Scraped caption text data
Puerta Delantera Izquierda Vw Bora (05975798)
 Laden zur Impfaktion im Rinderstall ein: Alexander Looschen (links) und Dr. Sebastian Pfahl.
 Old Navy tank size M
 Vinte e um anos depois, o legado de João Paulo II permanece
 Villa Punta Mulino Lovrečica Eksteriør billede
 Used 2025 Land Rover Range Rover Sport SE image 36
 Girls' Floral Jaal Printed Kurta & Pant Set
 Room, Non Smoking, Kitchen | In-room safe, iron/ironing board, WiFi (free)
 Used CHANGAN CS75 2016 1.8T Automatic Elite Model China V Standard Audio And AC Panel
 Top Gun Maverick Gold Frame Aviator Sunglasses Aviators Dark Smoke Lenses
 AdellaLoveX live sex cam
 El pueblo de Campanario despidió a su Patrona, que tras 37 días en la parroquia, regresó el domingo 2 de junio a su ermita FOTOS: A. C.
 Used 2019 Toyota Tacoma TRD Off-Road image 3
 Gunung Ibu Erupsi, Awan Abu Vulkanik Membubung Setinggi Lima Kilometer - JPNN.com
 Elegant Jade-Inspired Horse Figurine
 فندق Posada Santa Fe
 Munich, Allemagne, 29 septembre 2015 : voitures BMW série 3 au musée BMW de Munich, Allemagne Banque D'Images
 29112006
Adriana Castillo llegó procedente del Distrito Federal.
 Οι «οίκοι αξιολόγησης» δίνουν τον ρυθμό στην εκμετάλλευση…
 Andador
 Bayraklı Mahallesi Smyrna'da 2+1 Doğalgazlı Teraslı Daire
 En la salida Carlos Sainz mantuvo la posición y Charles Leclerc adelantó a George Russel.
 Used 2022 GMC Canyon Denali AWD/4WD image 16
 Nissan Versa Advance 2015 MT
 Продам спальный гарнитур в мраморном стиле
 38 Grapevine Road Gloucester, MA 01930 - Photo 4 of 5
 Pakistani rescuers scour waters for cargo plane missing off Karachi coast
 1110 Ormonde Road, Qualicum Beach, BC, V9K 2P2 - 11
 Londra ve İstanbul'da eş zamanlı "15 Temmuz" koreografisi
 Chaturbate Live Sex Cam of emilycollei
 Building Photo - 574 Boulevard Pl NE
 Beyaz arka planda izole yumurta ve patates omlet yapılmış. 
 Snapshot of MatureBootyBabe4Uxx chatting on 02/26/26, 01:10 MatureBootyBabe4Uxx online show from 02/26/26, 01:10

§ **EXERCISE DESCRIPTION**
Going through the entries above, count the lines that have the word "Road" and state that count alone.

§ **WRITTEN REPLY**
3